Иоахим Лелевель | страница 54



Равным образом он решительно отвергал любые пожертвования со стороны соотечественников. За собранную для него по «лагерям» складчину, когда его высылали из Франции, он растроганно благодарил, но отослал ее, поясняя, что есть более нуждающиеся. Он соглашался, впрочем, чтобы за него заплатили долги Национального комитета в парижской типографии, но это как-то не осуществилось, и Лелевель сам выплачивал этот долг (2000 франков) в течение трех лет ценой немалых лишений. Особенно настороженно он относился ко всяким суммам, присылаемым из Польши. Он знал, что пожертвования эти, по крайней мере частично, исходят из консервативных кругов. Пусть они были свидетельством уважения к науке, пусть были проявлением любви к ближнему, но они исходили от политических противников, и Лелевель как демократ не желал пачкать себе ими руки. Тем более он отвергал анонимные переводы. «Ты знаешь, какое отвращение я испытываю к безымянным деньгам», — писал он Антонию Глушневичу. Один раз он сделал исключение, когда в 1842 году великопольский магнат и меценат граф Титус Дзялыньский прислал ему 600 франков. Это была якобы доля в доходе от распродажи «Литовского статута», который Лелевель подготовил к печати еще до восстания. Ученый ответил тогда, что у него нет никаких прав на доходы от «статута», но что он принимает 600 франков в счет своих будущих научных трудов. Четверть полученной суммы он отдал на общественные цели, а остальные использовал для уплаты наиболее срочных долгов. Однако два года спустя до него дошли слухи, что Дзялыньский хвастает в Познани субсидией, которую он предоставил Лелевелю. У ученого случайно был в это время только что полученный гонорар; он немедля отослал 600 франков своему меценату, что повлекло за собой разрыв отношений.

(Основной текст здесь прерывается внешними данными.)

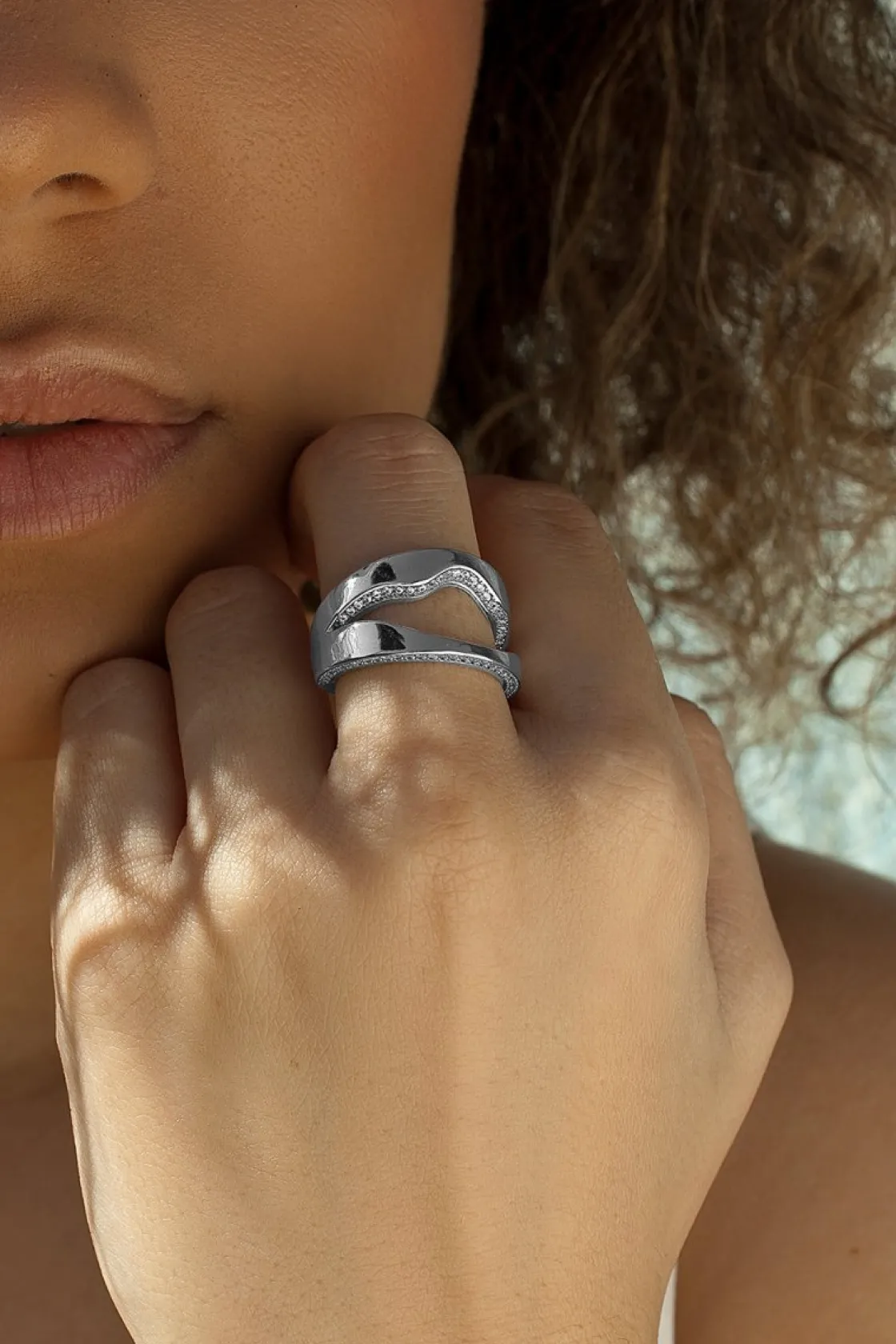 Anillos Grandes | LINEARGENT Anillos grandes diseño doble carril irregular con circonitas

Брату Проту, живущему в Варшаве, он объяснял свою точку зрения, пользуясь из-за цензуры иносказаниями: «Моя старая баба, как Вы знаете, упряма… она очень рада, когда ее любят, рада поддерживать дружеские отношения, но терпеть не может протекции… Баба не хочет, чтобы вельможи собирали для нее милостыню, она шьет, вышивает и таким образом зарабатывает, и для нее тот друг, кто помогает ей сбывать ее работы… С годами она нуждается меньше в еде, а значит, и меньше тратит, чем молодые; меньше изнашивает одежду, а значит, может дольше, чем молодые, ходить в обносках, умеет, если надо, зашить, подлатать. Говорят, что скряжничает, что сидит на деньгах, что если бы хотел, то составил бы состояние. А он вынужден в каждом начинании преодолевать тысячу препятствий и убытков».